Problem -
Using the data below, reproduce exactly the lines from the line with "COKE VS. PEPSI, 1999" to the line with "捷元网配资APP下载 新一轮", both included; pictures must be dropped.

[Material to process — start]

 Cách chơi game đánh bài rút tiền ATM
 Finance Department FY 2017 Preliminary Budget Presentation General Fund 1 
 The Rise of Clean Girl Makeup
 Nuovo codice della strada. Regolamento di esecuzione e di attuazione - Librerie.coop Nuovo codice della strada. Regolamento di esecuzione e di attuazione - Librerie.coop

[Material to process — finish]
[Material to process — start]

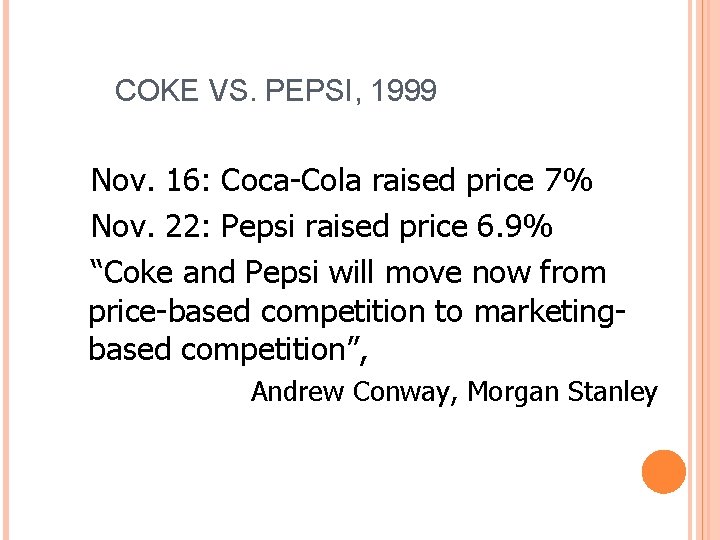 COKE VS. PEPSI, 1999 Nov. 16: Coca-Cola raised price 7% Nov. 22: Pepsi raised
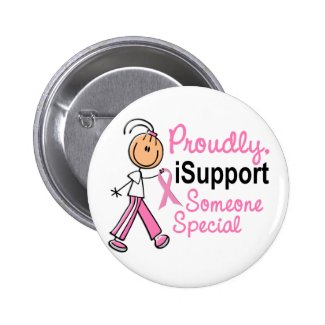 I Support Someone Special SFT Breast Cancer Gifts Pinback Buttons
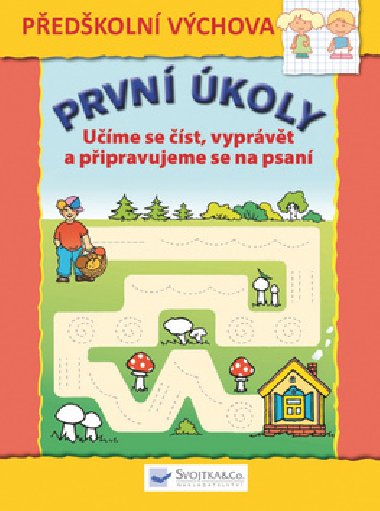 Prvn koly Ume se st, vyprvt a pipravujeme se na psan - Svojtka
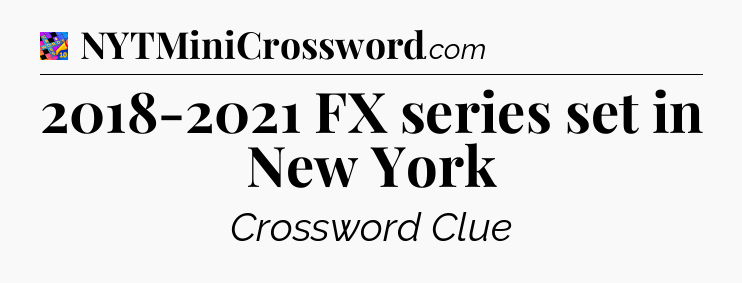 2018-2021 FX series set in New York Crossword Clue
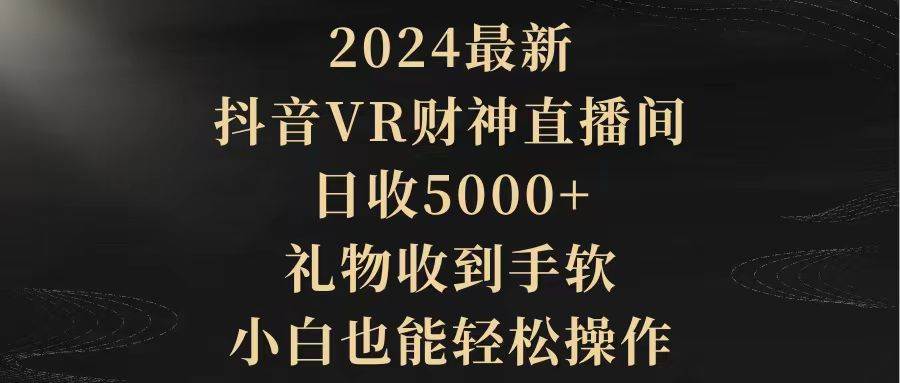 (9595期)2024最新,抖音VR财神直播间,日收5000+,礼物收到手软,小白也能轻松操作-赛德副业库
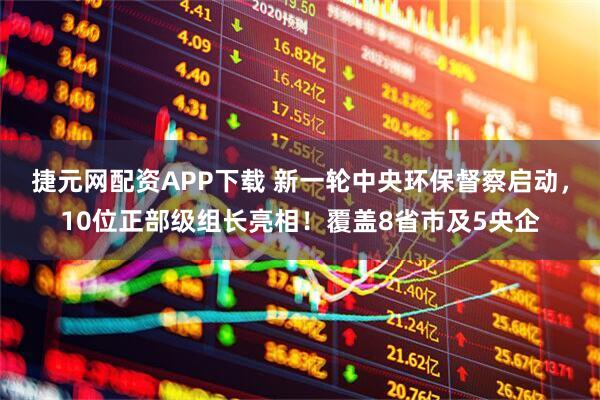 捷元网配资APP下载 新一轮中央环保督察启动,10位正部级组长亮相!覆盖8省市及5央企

[Material to process — finish]
[Material to process — start]

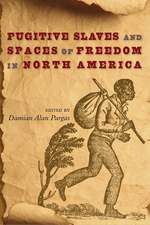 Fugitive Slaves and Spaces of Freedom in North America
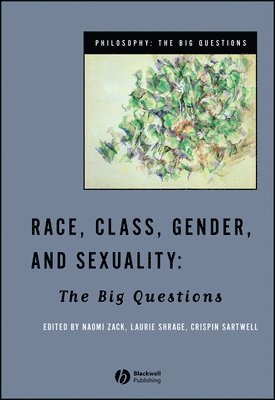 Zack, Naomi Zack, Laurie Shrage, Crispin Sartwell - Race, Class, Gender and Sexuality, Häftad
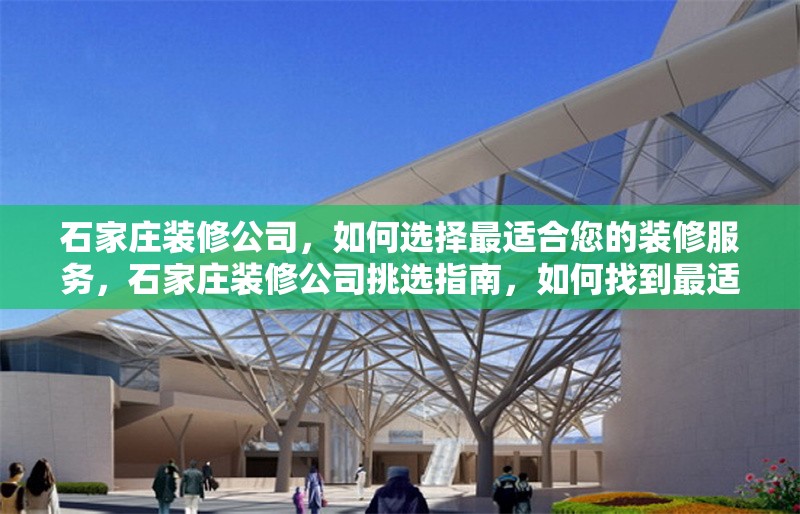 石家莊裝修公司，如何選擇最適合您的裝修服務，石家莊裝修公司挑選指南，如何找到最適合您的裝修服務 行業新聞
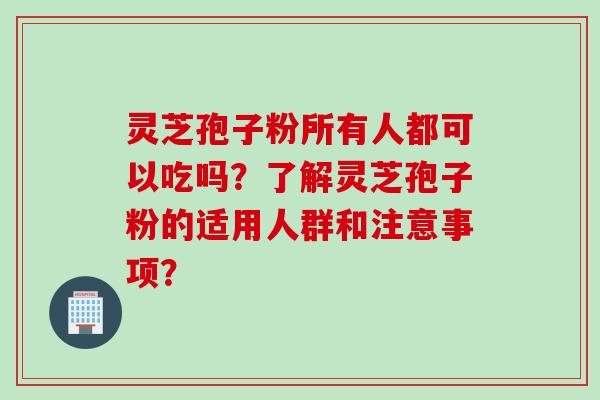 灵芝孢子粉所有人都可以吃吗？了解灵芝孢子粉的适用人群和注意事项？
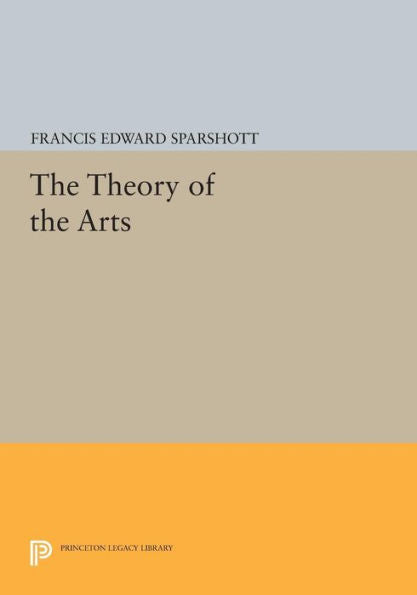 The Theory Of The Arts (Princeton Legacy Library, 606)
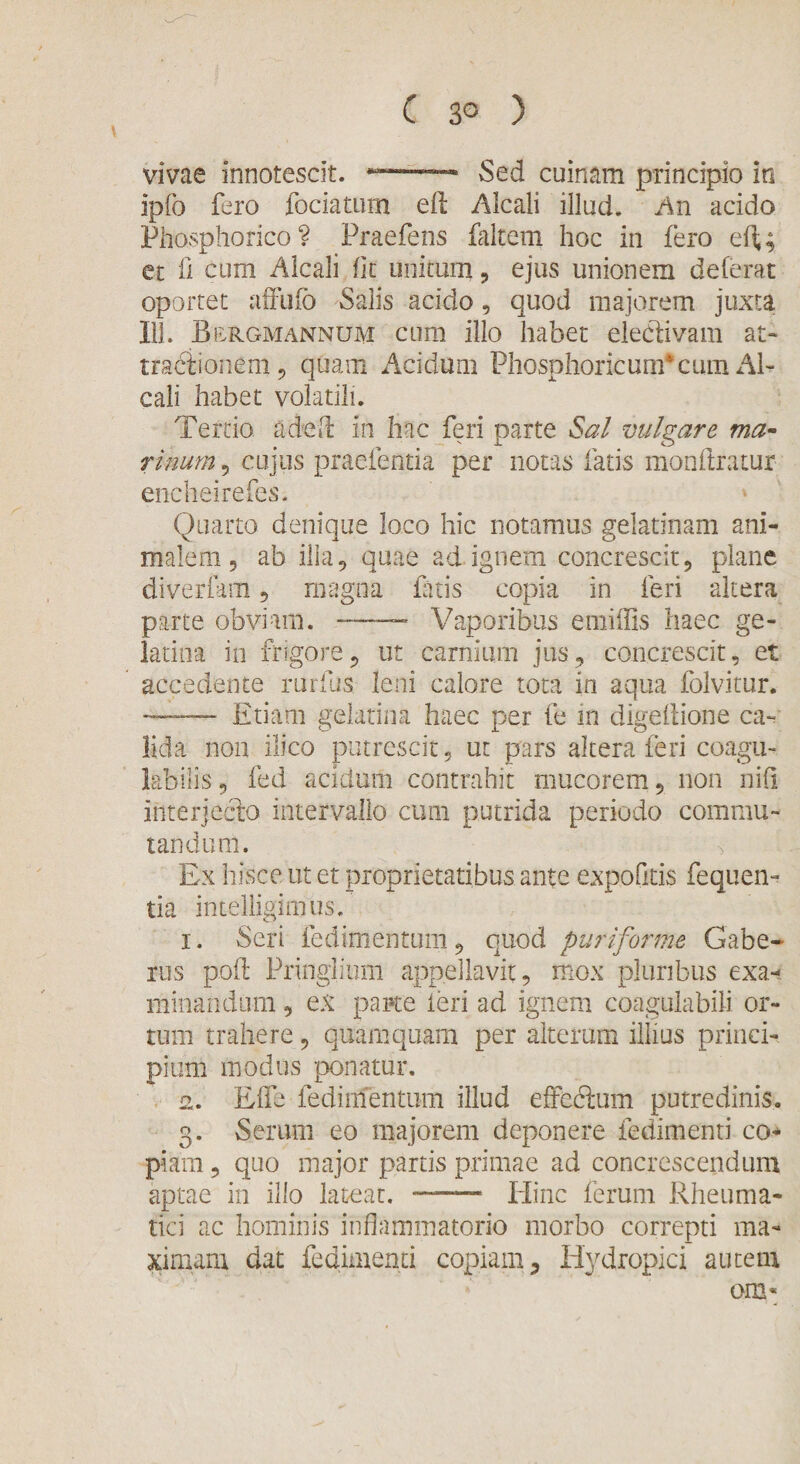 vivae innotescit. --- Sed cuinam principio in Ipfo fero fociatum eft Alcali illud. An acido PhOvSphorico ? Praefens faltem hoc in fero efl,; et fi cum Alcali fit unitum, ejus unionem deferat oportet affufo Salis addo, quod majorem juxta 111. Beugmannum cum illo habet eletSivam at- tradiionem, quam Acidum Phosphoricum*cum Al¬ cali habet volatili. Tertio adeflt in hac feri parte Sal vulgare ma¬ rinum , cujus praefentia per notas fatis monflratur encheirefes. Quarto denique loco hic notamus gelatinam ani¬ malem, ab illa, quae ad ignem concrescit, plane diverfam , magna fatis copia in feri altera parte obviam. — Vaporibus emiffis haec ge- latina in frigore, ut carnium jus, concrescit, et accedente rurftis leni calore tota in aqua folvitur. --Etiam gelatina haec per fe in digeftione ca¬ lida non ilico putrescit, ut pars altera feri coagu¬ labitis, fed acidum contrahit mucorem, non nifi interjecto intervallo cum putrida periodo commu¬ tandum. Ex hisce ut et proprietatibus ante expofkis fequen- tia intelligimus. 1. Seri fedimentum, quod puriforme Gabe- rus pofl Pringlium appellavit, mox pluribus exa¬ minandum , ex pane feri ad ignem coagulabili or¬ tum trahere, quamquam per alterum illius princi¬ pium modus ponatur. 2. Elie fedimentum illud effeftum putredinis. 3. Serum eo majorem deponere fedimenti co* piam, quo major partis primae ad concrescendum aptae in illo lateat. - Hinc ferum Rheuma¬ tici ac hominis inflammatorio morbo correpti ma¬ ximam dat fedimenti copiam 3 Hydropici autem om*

[Material to process — finish]

Answer space -
 COKE VS. PEPSI, 1999 Nov. 16: Coca-Cola raised price 7% Nov. 22: Pepsi raised
 I Support Someone Special SFT Breast Cancer Gifts Pinback Buttons
 Prvn koly Ume se st, vyprvt a pipravujeme se na psan - Svojtka
 2018-2021 FX series set in New York Crossword Clue
 (9595期)2024最新,抖音VR财神直播间,日收5000+,礼物收到手软,小白也能轻松操作-赛德副业库
 捷元网配资APP下载 新一轮中央环保督察启动,10位正部级组长亮相!覆盖8省市及5央企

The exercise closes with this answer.